The property of being a subnormal subgroup is finite-relative-intersection-closed.

Statement with symbols

Suppose ${\displaystyle H,K}$ are subgroups of ${\displaystyle G}$ such that ${\displaystyle H}$ is a subnormal subgroup of ${\displaystyle G}$, and ${\displaystyle K}$ is a subnormal subgroup inside some subgroup ${\displaystyle L}$ containing both ${\displaystyle H}$ and ${\displaystyle K}$. Then, ${\displaystyle H\cap K}$ is subnormal in ${\displaystyle G}$.

More specifically, if ${\displaystyle H}$ is ${\displaystyle h}$-subnormal in ${\displaystyle G}$ and ${\displaystyle K}$ is ${\displaystyle k}$-subnormal in ${\displaystyle L}$, then ${\displaystyle H\cap K}$ is ${\displaystyle (h+k)}$-subnormal in ${\displaystyle G}$.

Related facts

Applications

• Subnormality is permuting join-closed: If ${\displaystyle H}$ and ${\displaystyle K}$ are both subnormal subgroups and they permute, i.e., ${\displaystyle HK=KH}$, then ${\displaystyle HK}$ is subnormal. The proof of this uses certain subgroups in intermediate steps that are subnormal as a consequence of the fact that subnormality is finite-relative-intersection-closed.

Facts used

1. Subnormality satisfies transfer condition: If ${\displaystyle A\leq G}$ is ${\displaystyle a}$-subnormal and ${\displaystyle B\leq G}$, then ${\displaystyle A\cap B}$ is ${\displaystyle a}$-subnormal in ${\displaystyle B}$.
2. Subnormality is transitive: If ${\displaystyle A\leq B\leq G}$ are groups, and ${\displaystyle A}$ is ${\displaystyle a}$-subnormal in ${\displaystyle B}$ and ${\displaystyle B}$ is ${\displaystyle b}$-subnormal in ${\displaystyle G}$, then ${\displaystyle A}$ is ${\displaystyle (a+b)}$-subnormal in ${\displaystyle G}$.# Transitive and transfer condition implies finite-relative-intersection-closed
3. Transitive and transfer condition implies finite-relative-intersection-closed

Proof

Given: ${\displaystyle H,K\leq G}$. ${\displaystyle H}$ is ${\displaystyle h}$-subnormal in ${\displaystyle G}$ and ${\displaystyle K}$ is ${\displaystyle k}$-subnormal in a subgroup ${\displaystyle L}$ of ${\displaystyle G}$ containing both ${\displaystyle H}$ and ${\displaystyle K}$.

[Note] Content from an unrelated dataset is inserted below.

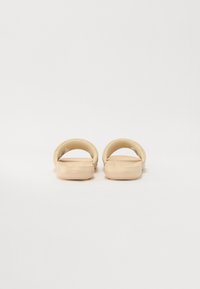 Sandales beiges avec une finition lisse et brillante, présentant un design simple à dos ouvert et une semelle intérieure moulée pour plus de confort. Semelles plates.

To prove: ${\displaystyle H\cap K}$ is ${\displaystyle (h+k)}$-subnormal in ${\displaystyle G}$.

Proof:

1. (Facts used: fact (1); Given data used: ${\displaystyle H\leq L}$, ${\displaystyle K}$ is ${\displaystyle k}$-subnormal in ${\displaystyle L}$): ${\displaystyle H\cap K}$ is ${\displaystyle k}$-subnormal in ${\displaystyle H}$: ${\displaystyle K}$ is ${\displaystyle k}$-subnormal in ${\displaystyle L}$, and ${\displaystyle H\leq L}$, so by fact (1), ${\displaystyle K\cap H}$ is ${\displaystyle k}$-subnormal in ${\displaystyle H}$.
2. (Facts used: fact (2); Given data used: ${\displaystyle H}$ is ${\displaystyle h}$-subnormal in ${\displaystyle G}$): ${\displaystyle H\cap K}$ is ${\displaystyle k}$-subnormal in ${\displaystyle H}$ and ${\displaystyle H}$ is ${\displaystyle h}$-subnormal in ${\displaystyle G}$, so by fact (2), ${\displaystyle H\cap K}$ is ${\displaystyle (h+k)}$-subnormal in ${\displaystyle G}$.